Additionally, Marvell-Elaine became the state’s first transformation campus last year, under a LEARNS Act provision that allows struggling schools to enter into a “transformation contract” with an open-enrollment public charter school or another approved entity. 

McElroy’s support of both Act 543 and the LEARNS Act earned him goodwill with the community, according to McElroy, Smith and Rawls.

Miller acknowledged that the transformation contract could be a good thing for the district and the state.

“They definitely need to try something different and new, and this could be a model moving forward for schools that might be struggling,” he said.

The LEARNS Act also raised minimum teacher pay to $50,000 per year, which Miller said he supported.

Phillips County has a shortage of teachers, and the ones that are there might not have reached a $50,000 salary during their entire careers previously, Rawls said, so the pay raises have helped the region recruit and retain teachers.

Critics of some aspects of the wide-ranging LEARNS Act, including Miller, have said the state should not direct taxpayer money to private schools under the voucher program the law also created.

Phillips County has two private schools but neither participates in the program.

McElroy said he supports allowing parents to choose where their children attend school, especially those living in a district with “failing schools.”

Miller said he was frustrated when McElroy’s campaign sent out a flier criticizing his opinion on school vouchers, especially because Miller and his wife have both worked for Helena-West Helena public schools.

“When you put out a flier with something as harsh as that, [saying] that I want to keep kids in failing schools — of course we care about kids and of course we care about education,” Miller said.

‘Someone that they can relate to’

Last year’s education laws were an exception to the fact that many District 62 residents aren’t necessarily up-to-date on the finer points of state policies, McElroy and Miller both said. Instead, they’re concerned about things that imminently affect their daily lives, such as the quality of roads and drinking water.

Helena-West Helena’s aging water infrastructure led to outages in June 2023 and January 2024. In late July, the state Board of Health gave city officials 90 days to produce a long-range plan to address the issues, including specific infrastructure improvements.
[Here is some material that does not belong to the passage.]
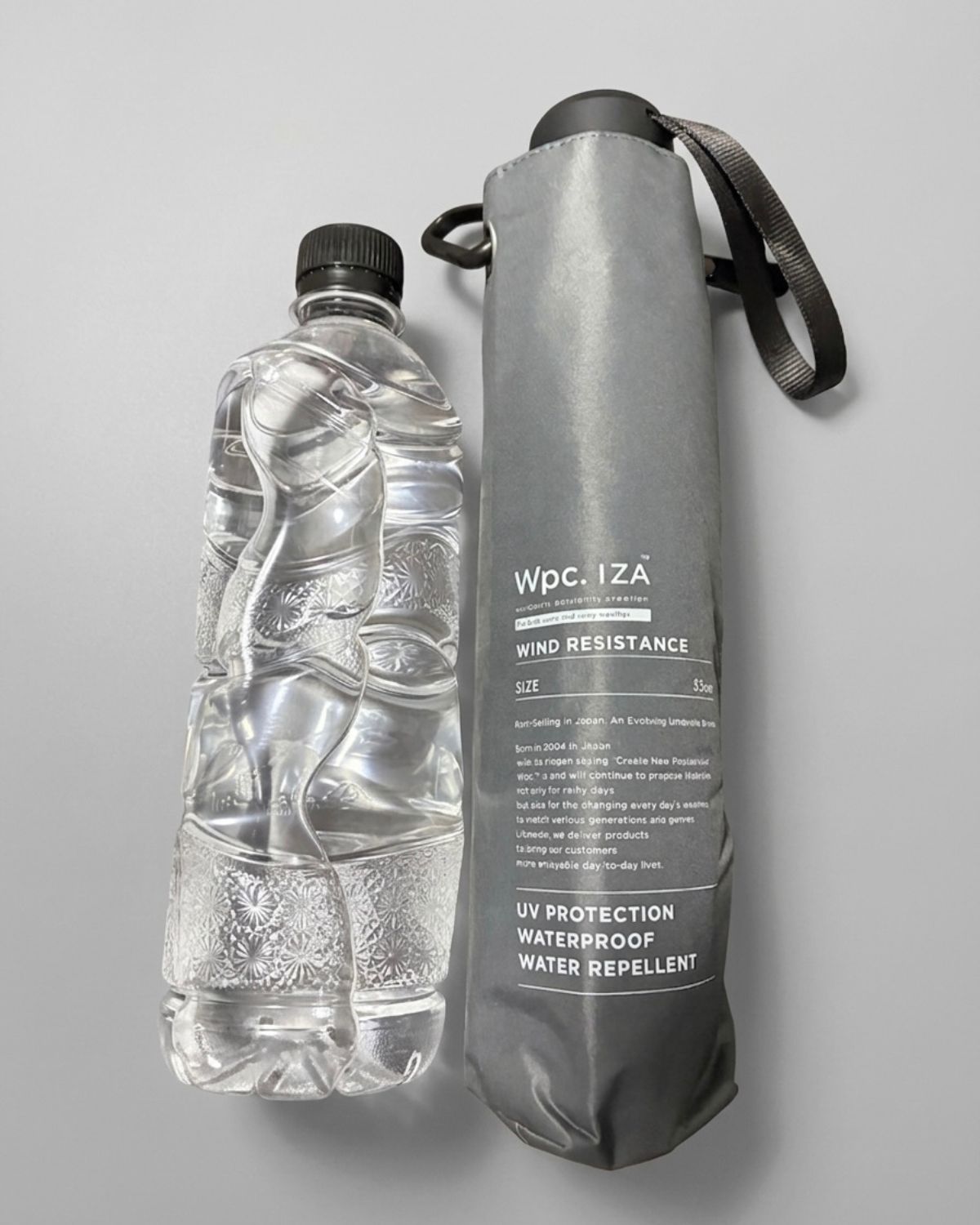 Wpc IZA 折りたたみ日傘 500mlペットボトルとのサイズ比較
Plan or penalty: The next step in Arkansas city’s path to better water infrastructure

McElroy said he was “instrumental” in securing an $11 million Arkansas Division of Natural Resources loan this year to address some infrastructure needs. He also said he and other lawmakers want to focus on funding more water projects.

Over his legislative career, McElroy has switched party affiliations from Democrat to independent to Republican. He said he believes voters know him primarily as someone who represents them rather than someone attached to a partisan label.

“I think the vast majority of people really just want someone that they can relate to,” McElroy said. “A lot of them are more independent voters [rather] than either party, and I think they get that because they know that I’m approachable when they see me on the side of the road looking pitiful in the sun.”

In September, a Marvell constituent shared an image on Facebook of McElroy campaigning in a storm and said he “doesn’t let a little rain stop him.”

Meanwhile, Miller said McElroy hasn’t been an efficient lawmaker and wasn’t adequately present during Helena-West Helena’s water crisis in January.

“He spends more time on the sidewalk riding his bicycle and waving his sign than at the Capitol where he has a supermajority,” Miller said.

Miller is putting more work into this year’s campaign than he did in 2022, Smith said, but McElroy’s “retail politics” approach goes a long way.

“It’s definitely Dexter’s race to lose, to some respect, but I would say don’t ever count out Mark McElroy because of how hard he campaigns,” Smith said.